Whakatane Paper Mill to box on after sale to consortium ensures against closure and the loss of 210 jobs

A fresh start  for  the Whakatane  Paper Mill opens  a  new  era   for  the  forest  products  industry.

The mill,  which its  previous owners  Switzerland-based SIG Combibloc AG said  would be closed  this  month with the  loss of 210  jobs,  has  been sold to a  consortium led  by European investor  Dr  Dermot Smurfit  and including  the  NZ  company Direct Capital headed  by financier Ross George.

At  the time  SIG announced the  closure it said there was no buyer for the mill and no viable option was found.

The mill is Whakatane’s largest private employer and has, for more than 80 years, produced paper and packaging products, mostly for export.

The   new  owners  say they believe  the Whakatāne Mill has a very bright future as the only folding box board mill in Oceania. They say they intend to invest heavily in the mill to support both their customers and NZ’s forest products industry.

The  question   is  whether  other  elements within the industry which also have been under  threat — the Kawerau  paper mill, for  example —   will  take  on a  new  lease  of  life.  The industry generally  has  been   hit  by rising  costs  and changing  consumer  demand.

As it  is, critics  have  argued  that the  forest products  processing  industry  has  become attenuated,  with   vast quantities of  logs  exported  in  raw  form  to  China.

Toi Eastern Bay of  Plenty Development Agency’s Karl Gradon expressed caution, saying while the  sale of the mill is good news there are still clouds on the horizon with the fibre-processing sector.

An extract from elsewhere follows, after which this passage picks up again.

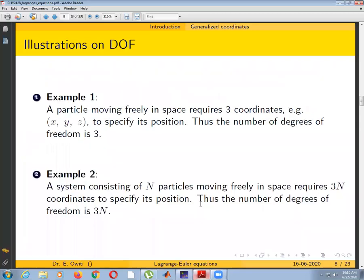In this slide we have an illustration. A particle moving freely in space requires three coordinates — X, Y, Z — to specify its position, therefore the number of degrees of freedom is three. If a system of particles has N particles moving freely in space, then we require 3N coordinates to specify its position, and the number of degrees of freedom is 3N. Here we have 3N because there are no constraints in the system.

“China has announced self-sufficiency in logs by 2035, which creates significant risk for the forestry sector.The majority of NZ logs are exported to developing countries in their raw form in anticipation of their domestic logs becoming available in just a few years.

Toi EDA wants the government to work on policy that incentivises investment in added-value processing in NZ, rather than shipping the value creation offshore.

Understandably,  news  of  the purchase of the mill  has reinvigorated the  Eastern Bay of Plenty region.  Whakatāne mayor Judy Turner says it’s a great outcome.

“I’m particularly thrilled for the contractors outside the direct employment of the mill as this has been a very nervous time for them and their staff.”

Turner said   the  mill’s closure and loss of jobs would have been devastating for the local economy.

A spokesman for the Smurfit Consortium, Ian Halliday, who will become chairman of the Whakatāne Mill, said the consortium looked forward to developing a more competitive operation.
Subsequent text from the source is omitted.